- [REQUIRED WORK]: After locating the line with "51瓜解碼：朝陽熱心群眾熱議年度熱點【年度熱詞大揭秘】" below, output it and each following line exactly, stopping after the line with "Advances in Kinesiology". No pictures.

- [SUPPLIED RECORDS]:
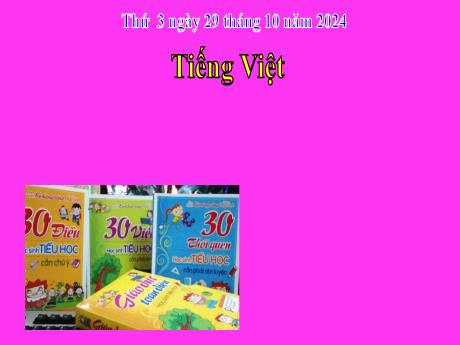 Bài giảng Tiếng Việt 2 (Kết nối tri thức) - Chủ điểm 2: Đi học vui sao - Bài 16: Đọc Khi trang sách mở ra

* * *

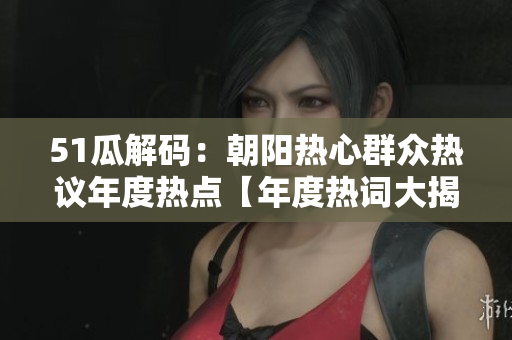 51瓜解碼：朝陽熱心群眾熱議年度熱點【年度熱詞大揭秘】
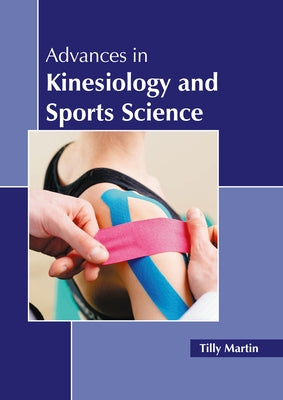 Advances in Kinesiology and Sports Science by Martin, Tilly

--

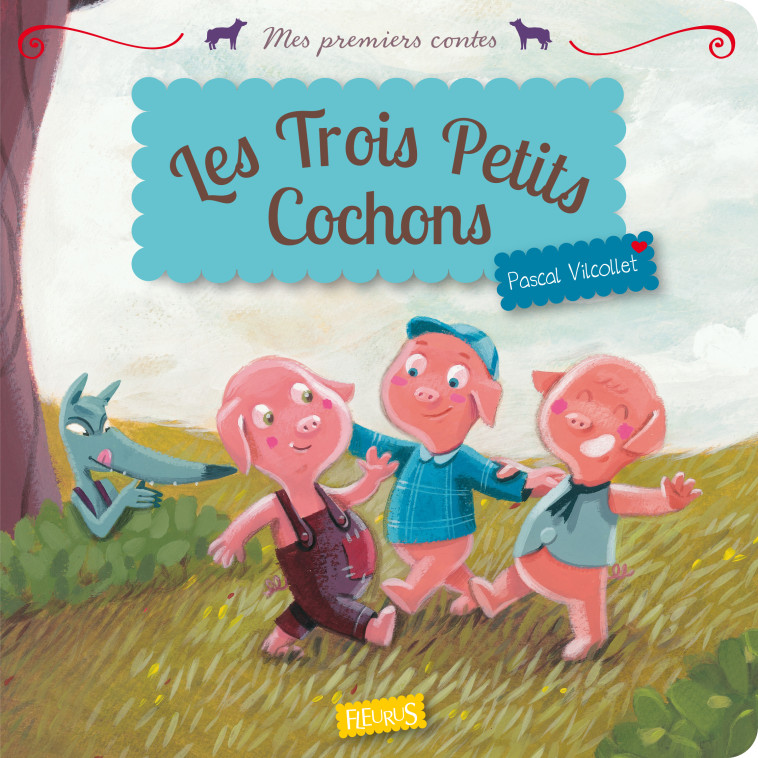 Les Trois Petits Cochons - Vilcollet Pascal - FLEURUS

- [EXERCISE ANSWER]:
 51瓜解碼：朝陽熱心群眾熱議年度熱點【年度熱詞大揭秘】
 Advances in Kinesiology and Sports Science by Martin, Tilly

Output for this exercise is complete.